E&OE
10 April 2008
Interview with Karon Snowdon, Radio Australia
SMITH: I think India's emergence is under-appreciated. I think our relationship with India is underdone. Both Australia and India want to take that relationship to a new and a different level, because of India's role in our region and because of India's emergence as an economic and a strategic player in the course of this century.
SNOWDON: How are you going to do that?
SMITH: Well, the first thing you have to do is turn up and put your shoulder to the wheel. I've spoken to a number of senior Indian officials and made the point that there's not enough contact leader to leader, minister to minister, official to official and we need to enhance, not just our economic relations, but also our people to people exchanges.
SNOWDON: When are you off to India then?
SMITH: Well, the Prime Minister and I both want to go to India in the course of this year and we're in the process of arranging dates with our Indian counterparts.
SNOWDON: The Australian Government now is making a strong push for membership of the UN Security Council from 2013. How much does that risk being a distraction given in many fields the Security Council really is a toothless tiger and some say is quite ineffective at times when it needs to be most out there in the world and making strong decisions?
SMITH: Well, wanting to enhance our activity within the United Nations and wanting to enhance the United Nations activities within international relations is not a distraction. It's a centerpiece. One of the things we've come to office with is a view that Australia's activity in international institutions, like the United Nations, hasn't been as active as it could or should be. The United Nations is not a perfect institution, but the United Nations and the Security Council remain the premier international institution so far as international security and peacekeeping is concerned.
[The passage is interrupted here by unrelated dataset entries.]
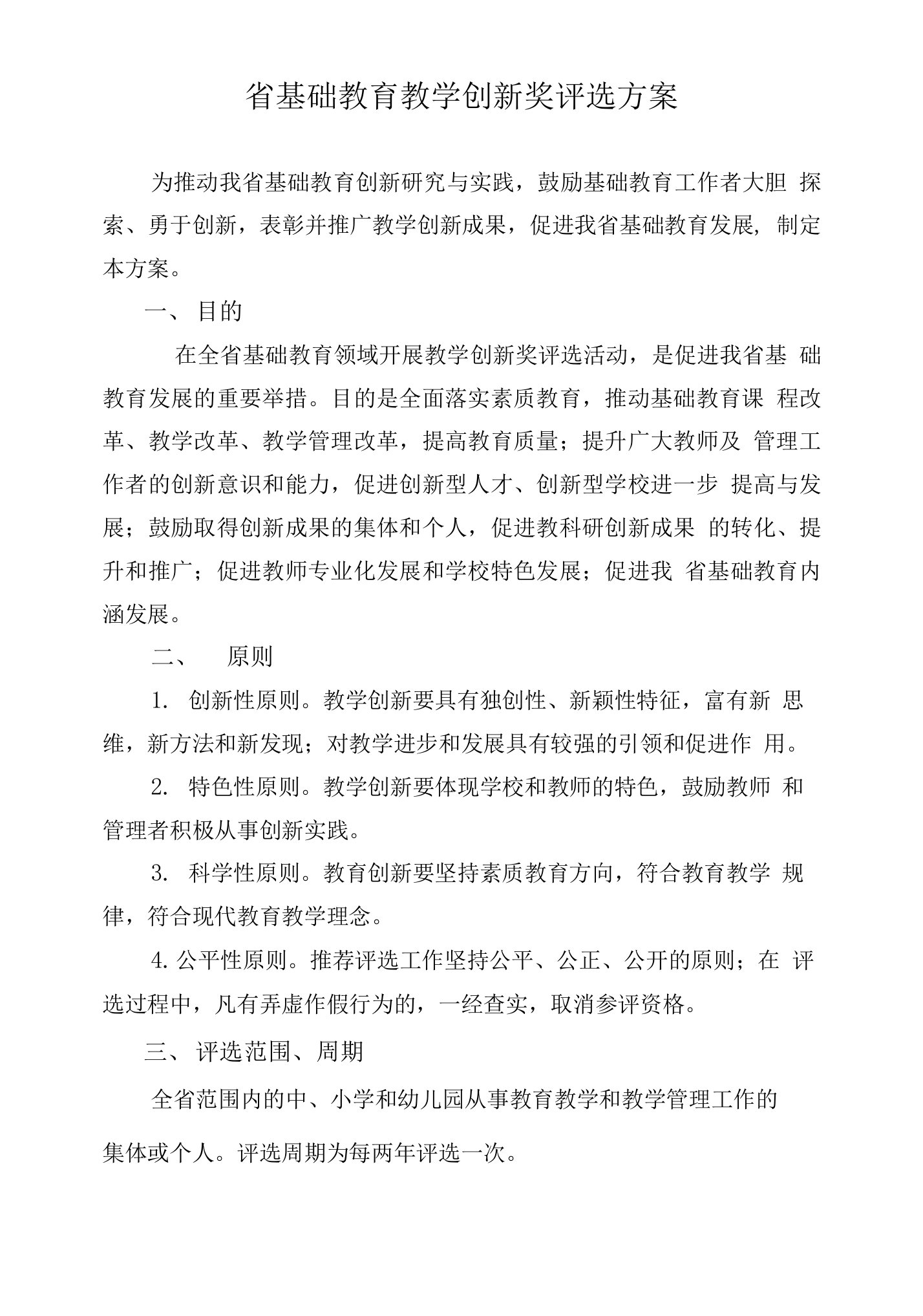 省基础教育教学创新奖评选方案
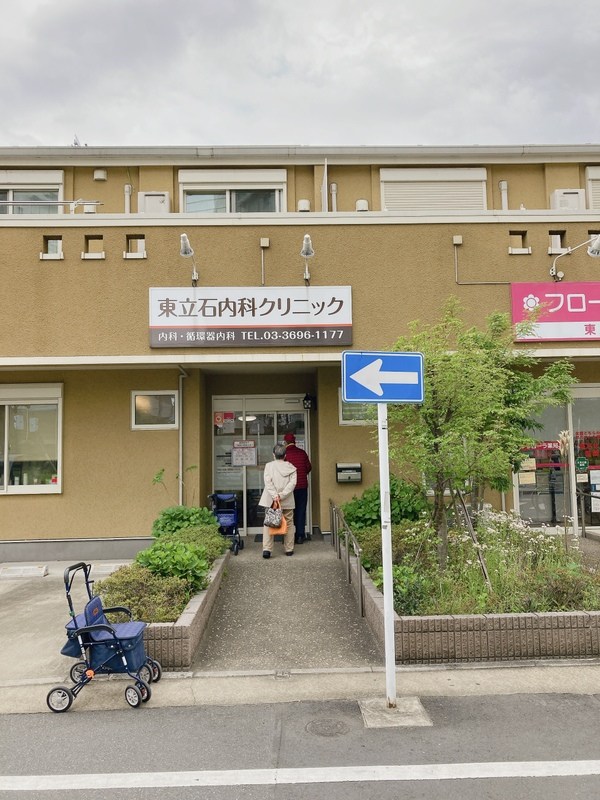 リオグランデ立石 その他6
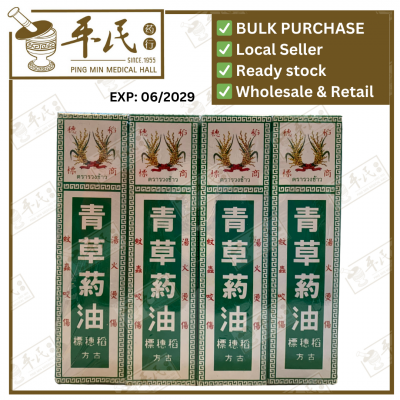 Rice Ear Brand Herbal Oil 15ml 稻穗商標 Bulk Buy | 1 Dozen | 12 Pcs | Exp: 05/05/2024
But we also believe that the Security Council, for example, should reflect the modern world. We strongly believe that India and Japan, for example, should both be permanent members of a reformed Security Council. We want the Security Council and the United Nations to reflect the modern international era, not to be a reflection of the 1940s or the 1950s.
SNOWDON: In a recent speech Prime Minister Kevin Rudd highlighted his idea about enhancing China's engagement in multilateral forums and its role in the Asia Pacific region. And his suggestion was that enhancing, perhaps expanding the six-party talk format would be one way to do that. Talk to me a bit about that if you would because it excludes Australia?
SMITH: Well China's engagement with the international community and the international community's engagement with China is a good and sensible thing. We think that will encourage and help openness and transparency so far as China is concerned.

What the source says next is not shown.